Do you think ClearML is a strong option for running event-based training and batch inference jobs in production?
(I'm assuming event-base, you mean triggered by events not streaming data, i.e. ETL etc)
I know of at least a few large organizations doing tat as we speak so I cannot see any reason not to.
That’d include monitoring and alerting. I’m afraid that Metaflow will look far more compelling to our teams for that reason.
Sure, then use Metaflow. The main issue with Metaflow (in my mind) is the lack of visibility into what's running inside the container (i.e. metrics / models etc), and the fact you have no scheduler, only k8s, and k8s has no real scheduling so you end up with jobs stuck in no order...

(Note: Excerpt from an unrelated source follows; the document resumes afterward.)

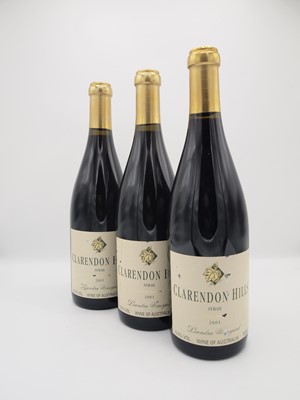Lot 197 - 7 bottles Mixed Australian and New Zealand Wines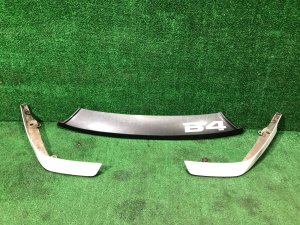 ลิ้นหน้า плюс клыки 57703AE190PE SUBARU LEGACY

Since it deploys onto step functions, the scheduling is managed for you and I believe alerts for failing jobs can be set up without adding custom code to every pipeline
I assume you mean Metaflow here?
But idk if the DS teams would want to use two different tools did somewhat similar tasks, so then they may opt to use Metaflow for everything.
No this is bad, what I would do is use ClearML for the R&D, and if you insist on using Metaflow, use the clearml-agent to build dockers from Tasks, then launch those on Metaflow. This means you have full traceability and visibility and you are still using metaflow for the triggering / monitoring.